Kevin Conant, a Gilroy resident and San Jose firefighter, used up all his Thanksgiving vacation time this week to assess the needs of survivors in Southern Mississippi.
“This disaster provides an enormous opportunity for us to demonstrate our love and concern for our fellow man,” he wrote in an e-mail dispatch Thursday.
Lee Petersen was inspired by his father’s acts of volunteerism and wanted to give back.
“When you see what’s going on on TV … it pulls at you,” Peterson said Friday, as he waited for the phone call that would signal his deployment to Texas.
People from all walks of life are heeding the call to do what they can. Bernardette Arellano, a Gilroy resident and field office aid to U.S. Representative Mike Honda, D-San Jose, said she’s not in a position to donate financially, so she wants to donate elbow grease instead. She and sister Belen both signed up with the American Red Cross to work for one week wherever they are needed.

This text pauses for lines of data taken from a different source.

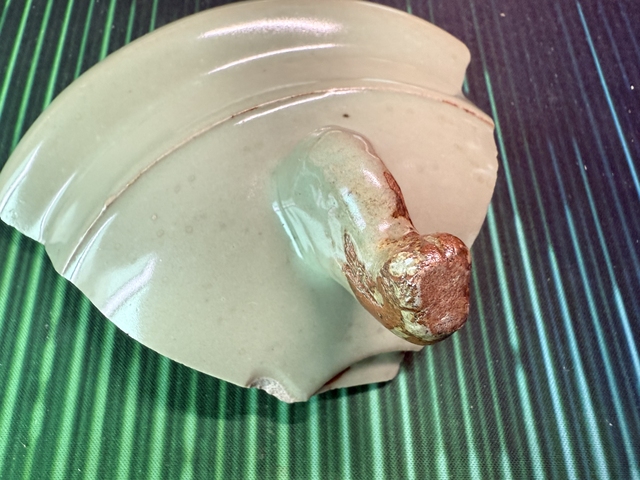 古玩陶瓷青瓷爐標本真品鑒賞圖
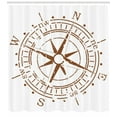 thumbnail image 3 of Ambesonne Compass Shower Curtain, Age of Discovery Theme, 69"Wx75"L, Pale Brown, 3 of 3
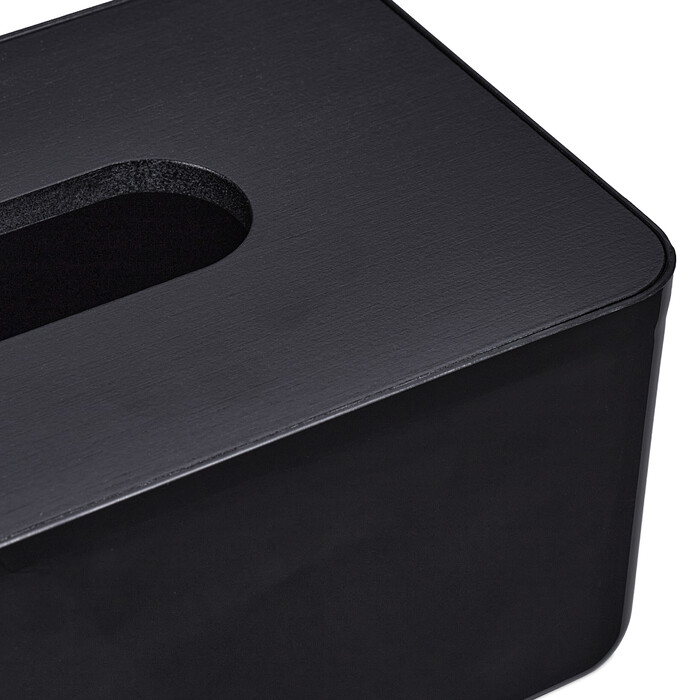 Relaxdays Tücherbox mit Bambusdeckel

“We wanted to be able to do something,” Bernardette Arellano said. “I’ll feel really useful to be able to do anything, even fold towels in a shelter. You see all these disasters happening … overseas, and you’re not really able to do anything, but this is something that’s happening in the U.S.”
Having completed two four-hour training sessions this week, Arellano’s name will be put in a database along with those of thousands who have come forward in the days following Katrina. She provided a window of time in which she would like to be deployed, using her vacation, and will receive about 24 hours’ notice.

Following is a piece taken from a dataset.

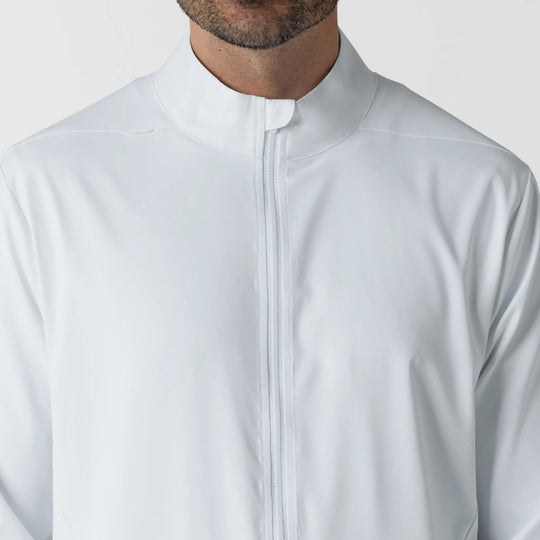 Wink Scrubs Men's Warm Up Scrub Jacket White | scrub-supply.com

The sisters do not have emergency responder certifications, so they may be assigned to set up shelters, or hand out food or clothing, Bernardette said. They were told they can’t be sent to the same place, and could end up in Baton Rouge, Mississippi, or even Michigan – wherever there are survivors.
Even 28 years of emergency preparedness and response as a fire battalion chief could not prepare Conant for what he saw when he arrived in southern Mississippi last Sunday.
“My initial reaction was that a terrorist couldn’t have been more efficient at trying to destroy the lives of Americans,” he said in an interview from his Gilroy home Friday, after returning Thursday. “It’s huge, it’s just massive. … It looks like it was bombed with conventional bombs.”
In e-mailed photos and updates from the scene, Conant told of a 2,000-seat church in Gulfport that was reduced to a roof and some support beams. He saw the military setting up field hospitals in department store parking lots, where doctors treated hundreds and even performed minor surgery. Cars and boats were everywhere, he said, scattered as though they were a child’s toys. He heard from a disaster response team that the number of dead is well above what is being reported in the media.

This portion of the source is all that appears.